Adore Beauty Group (ABY) H1 2025 earnings summary
Event summary combining transcript, slides, and related documents.
H1 2025 earnings summary
1 Jun, 2026Executive summary
Early stages of a refreshed three-year omnichannel strategy delivered strong performance, targeting 30% revenue growth and a doubling of EBIT margin, with a focus on becoming a leading beauty authority.
Revenue for H1 FY25 was $103 million, up 2.3% year-over-year, reflecting momentum from strategic transformation and disciplined execution.
EBITDA rose 98% to $4.7 million and EBIT increased 126% to $2.8 million, with margin expansion driven by own brands and retail media.
Acquisition and integration of iKOU completed, strengthening the own brand portfolio and supporting future growth.

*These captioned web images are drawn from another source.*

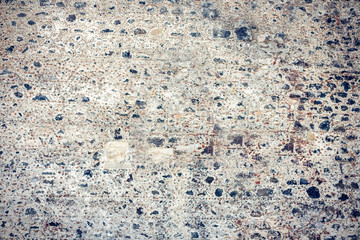 Stone slabs texture background, wall of Castello Ursino, ancient castle in Catania, Sicily, Southern Italy.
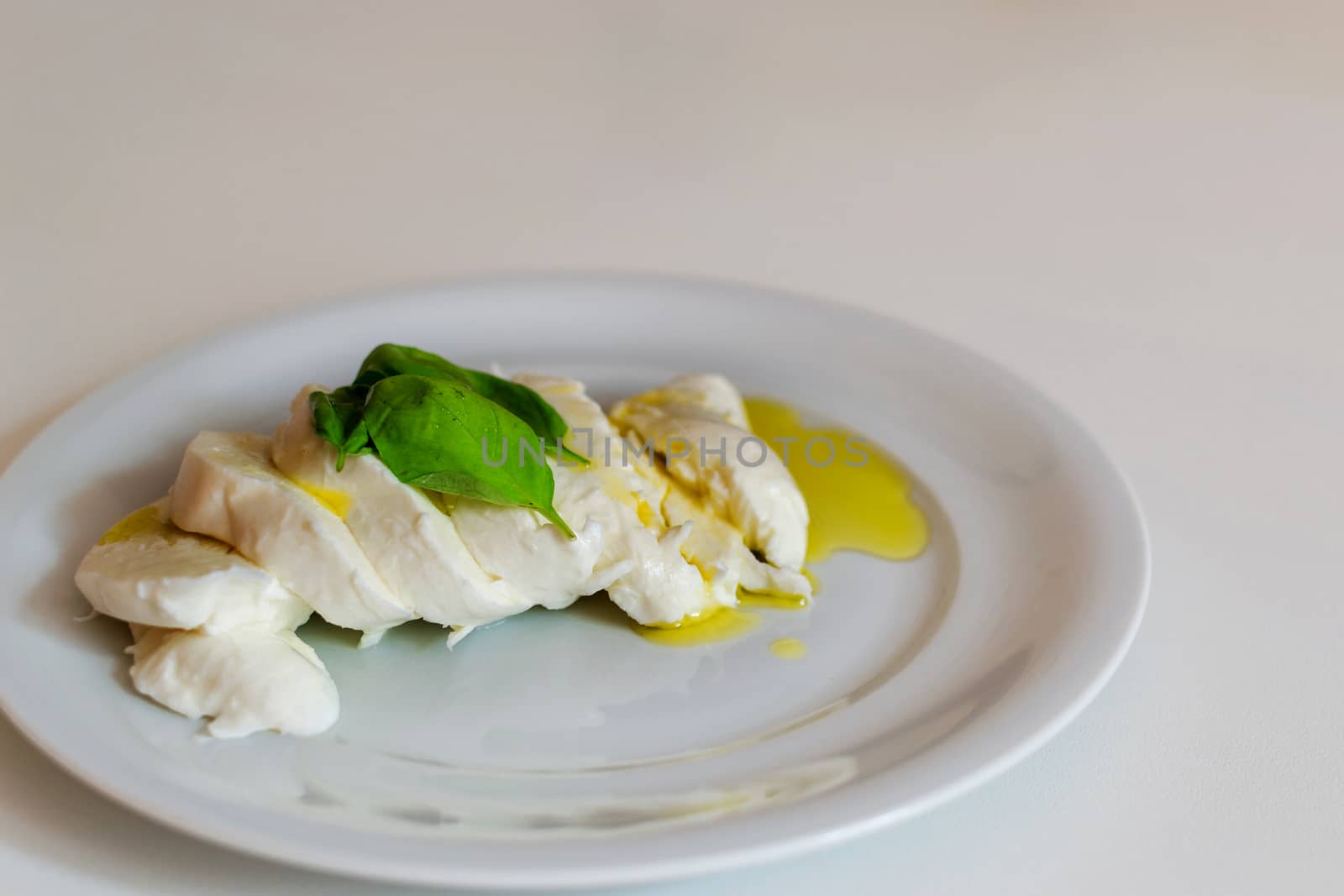 Slices of italian mozzarella with leaves of basil and olive oil by enrico.lapponi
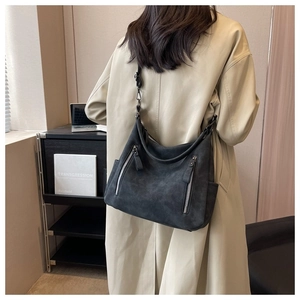 Model wearing a large dark grey matte leather tote bag with silver decorative zippers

Opened first physical retail store in February 2025, with 4-6 more Adore Beauty stores and 2 iKOU stores planned for 2025.
Financial highlights
H1 FY25 revenue was $103 million, up 2.3% year-over-year, with gross margin expanding by 2.7 percentage points to 36.2%.
EBITDA nearly doubled to $4.7 million (4.5% margin), and EBIT rose 126% to $2.8 million (2.7% margin).
Net profit after tax was $1.9 million, up 90% year-over-year, despite one-off acquisition and restructuring costs.
Cash balance at 31 Dec 2024 was $11.7 million, reflecting iKOU acquisition and store rollout investments, with no debt.
Marketing as a percentage of sales decreased by 0.6 points to 13.3%.
Outlook and guidance
EBITDA margin guidance reaffirmed at 4-5% for FY25; EBIT margin guidance at 2-3%.
Three-year targets: revenue over $260 million (30% growth), gross margin expansion of 200+ basis points, EBIT margin over 5%, and own brands to represent 8-10% of product revenue.
On track to deliver a national retail store footprint of 25+ stores by 2027.
Plans to expand owned brands and retail presence in new geographic regions.